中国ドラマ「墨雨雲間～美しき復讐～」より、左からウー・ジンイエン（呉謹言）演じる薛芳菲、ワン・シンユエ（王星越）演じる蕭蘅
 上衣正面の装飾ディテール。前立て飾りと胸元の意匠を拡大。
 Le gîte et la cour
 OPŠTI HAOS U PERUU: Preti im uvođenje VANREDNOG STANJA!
+-------+
TASK PROMPT -
Repeat the listing in full so that each line matches exactly.

SOLUTION BELOW -
中国ドラマ「墨雨雲間～美しき復讐～」より、左からウー・ジンイエン（呉謹言）演じる薛芳菲、ワン・シンユエ（王星越）演じる蕭蘅
 上衣正面の装飾ディテール。前立て飾りと胸元の意匠を拡大。
 Le gîte et la cour
 OPŠTI HAOS U PERUU: Preti im uvođenje VANREDNOG STANJA!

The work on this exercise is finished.